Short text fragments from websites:
Segment Open

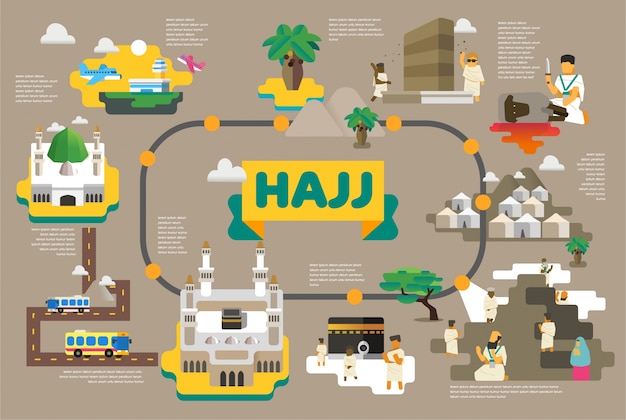 Hajj Infographic Series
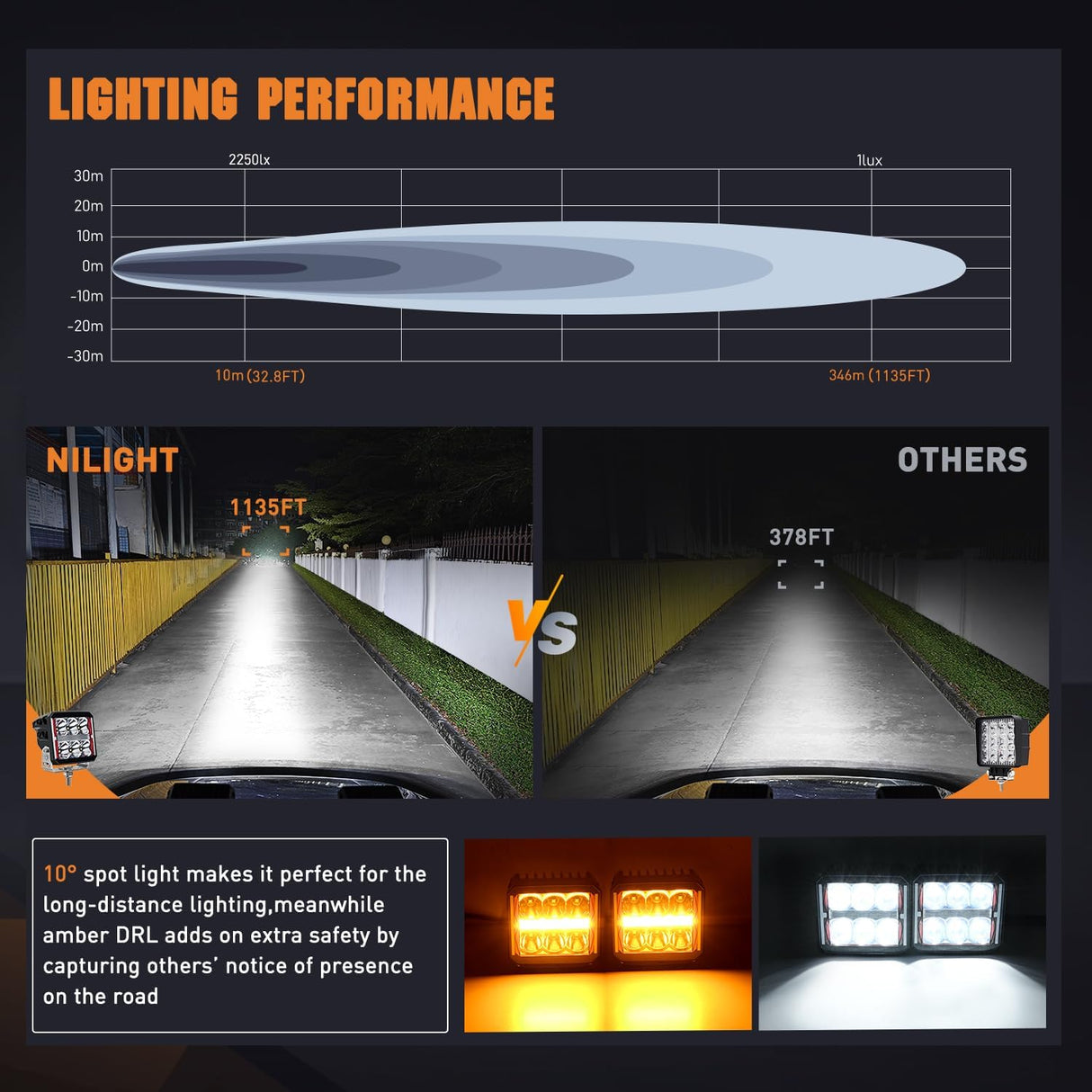 LED Pod Lights Heated Lens with Amber DRL 4 Inch 60 W Square Super Spot Light 16AWG Wiring Harness Kit for Offroad Driving Light Anti Freeze Function LED Work Lights for Truck UTV ATV SUV Jeep
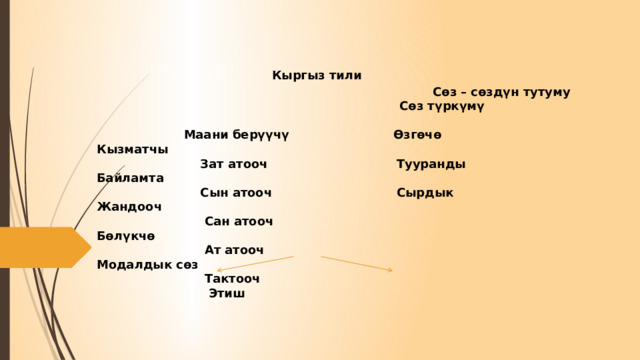   Кыргыз тили  Сөз – сөздүн тутуму  Сөз түркүмү    Маани берүүчү Өзгөчө Кызматчы  Зат атооч Тууранды Байламта  Сын атооч Сырдык Жандооч  Сан атооч Бөлүкчө  Ат атооч Модалдык сөз  Тактооч  Этиш     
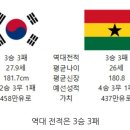 가나 VS 대한민국 역대 전적 이미지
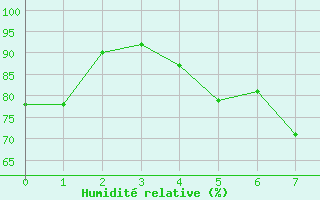 Courbe de l'humidit relative pour Perl-Nennig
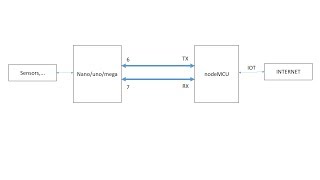 GIAO TIẾP UART ARDUINO TO ARDUINO/NODEMCU/ESP8266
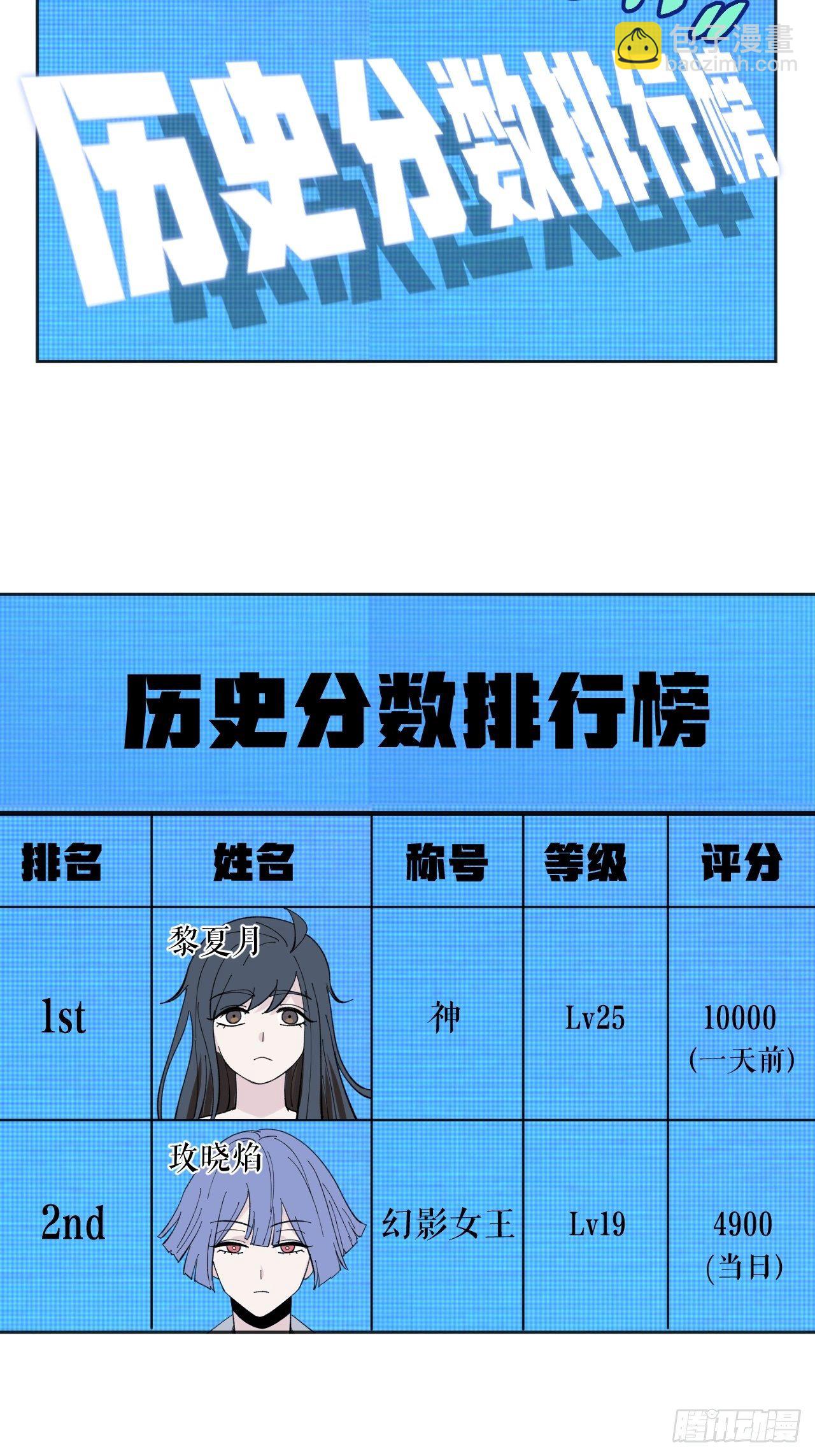 《无限氪金之神》排名 第39页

Segment Closed

**Task to carry out**: Write out exactly and only the lines that run from the start of the data above through the line containing "LED Pod Lights", leaving the pictures out.

**Task response**:
 Hajj Infographic Series
 LED Pod Lights Heated Lens with Amber DRL 4 Inch 60 W Square Super Spot Light 16AWG Wiring Harness Kit for Offroad Driving Light Anti Freeze Function LED Work Lights for Truck UTV ATV SUV Jeep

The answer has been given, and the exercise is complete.